No exagero si digo que esta sociedad de la opulencia nos ha atrapado en un sinsentido. Desde que nacemos, se nos incita a acumular: cuando somos pequeños, más cosas para jugar; y cuando vamos creciendo, más bienes para consumir. Pero nada se nos regala: los obtenemos a cambio de dinero. Y como es mucho lo que tenemos que acaparar, también son muchos los valores que tenemos que entregar a cambio. Entre los valores que hemos sacrificado —y esto es lo que ahora me interesa— figura el de la decencia. Y es que una parte relevante de la sociedad no ha dudado en recurrir a actos moralmente reprobables, como pueden ser las “comisiones exorbitantes”, para entrar en la rueda de la acumulación de muchos medios económicos procedentes del inmoral mundo del pelotazo. Recientemente, Ignacio Camacho en el ABC se refería a ello en un artículo titulado La Jerga del Mangazo que es la empleada por los corruptos (entre la que citaba: “de ésta nos quitamos las legañas”, “billetes para asar una vaca”, “yo he venido a la política para forrarme”, “hay que celebrarlo con un volquete de putas”, “Otro cacahuete para el mono”, “Vienen a quitarnos la manteca”), lo cual es una prueba indubitada de la evaporación de la decencia.

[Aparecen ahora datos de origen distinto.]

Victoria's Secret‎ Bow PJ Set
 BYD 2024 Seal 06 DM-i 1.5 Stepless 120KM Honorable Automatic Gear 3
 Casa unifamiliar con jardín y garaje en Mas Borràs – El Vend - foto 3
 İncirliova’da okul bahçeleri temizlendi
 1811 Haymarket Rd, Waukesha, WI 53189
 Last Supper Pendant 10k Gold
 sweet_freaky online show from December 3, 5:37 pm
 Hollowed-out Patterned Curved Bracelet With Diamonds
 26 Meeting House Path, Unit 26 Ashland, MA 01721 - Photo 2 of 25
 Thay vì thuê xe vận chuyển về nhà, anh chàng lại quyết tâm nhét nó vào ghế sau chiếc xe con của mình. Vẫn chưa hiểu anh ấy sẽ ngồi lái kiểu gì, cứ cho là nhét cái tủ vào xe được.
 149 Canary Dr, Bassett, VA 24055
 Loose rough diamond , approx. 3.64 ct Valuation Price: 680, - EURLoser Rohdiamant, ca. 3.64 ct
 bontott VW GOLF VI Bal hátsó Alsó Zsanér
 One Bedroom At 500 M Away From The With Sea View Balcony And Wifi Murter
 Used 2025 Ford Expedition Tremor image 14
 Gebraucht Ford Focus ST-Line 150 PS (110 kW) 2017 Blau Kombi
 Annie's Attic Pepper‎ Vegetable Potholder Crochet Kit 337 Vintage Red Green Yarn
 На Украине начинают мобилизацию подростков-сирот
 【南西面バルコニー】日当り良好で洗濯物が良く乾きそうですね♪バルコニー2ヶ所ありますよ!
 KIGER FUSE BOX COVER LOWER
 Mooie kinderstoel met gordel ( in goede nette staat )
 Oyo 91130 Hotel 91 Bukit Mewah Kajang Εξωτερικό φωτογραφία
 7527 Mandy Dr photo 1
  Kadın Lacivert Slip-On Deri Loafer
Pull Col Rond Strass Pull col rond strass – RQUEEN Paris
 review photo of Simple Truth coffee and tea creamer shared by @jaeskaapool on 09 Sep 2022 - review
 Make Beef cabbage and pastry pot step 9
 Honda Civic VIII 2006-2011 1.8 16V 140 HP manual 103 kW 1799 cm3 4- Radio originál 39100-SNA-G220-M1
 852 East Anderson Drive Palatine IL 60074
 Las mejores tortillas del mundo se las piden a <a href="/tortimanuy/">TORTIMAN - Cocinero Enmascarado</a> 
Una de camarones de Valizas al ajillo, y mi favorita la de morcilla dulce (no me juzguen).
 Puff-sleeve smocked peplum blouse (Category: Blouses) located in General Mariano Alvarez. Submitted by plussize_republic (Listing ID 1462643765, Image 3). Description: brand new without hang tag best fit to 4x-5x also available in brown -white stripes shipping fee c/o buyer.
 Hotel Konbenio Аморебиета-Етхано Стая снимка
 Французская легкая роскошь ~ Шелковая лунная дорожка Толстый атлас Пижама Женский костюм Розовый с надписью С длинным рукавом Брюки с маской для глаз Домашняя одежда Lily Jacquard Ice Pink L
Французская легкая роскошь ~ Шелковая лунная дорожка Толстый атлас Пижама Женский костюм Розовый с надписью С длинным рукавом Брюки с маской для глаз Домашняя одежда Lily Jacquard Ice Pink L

La tercera y última cuestión es si existe alguna manera de reimplantar la decencia en nuestra sociedad. A pesar de que suelo ser optimista, lo veo difícil. Además de porque vivimos en una sociedad en la que no son muy bien acogidos los valores, porque son muchos más los que prefieren la cultura de la subvención que la del esfuerzo. Y, claro, el pelotazo no exige mucho sudor.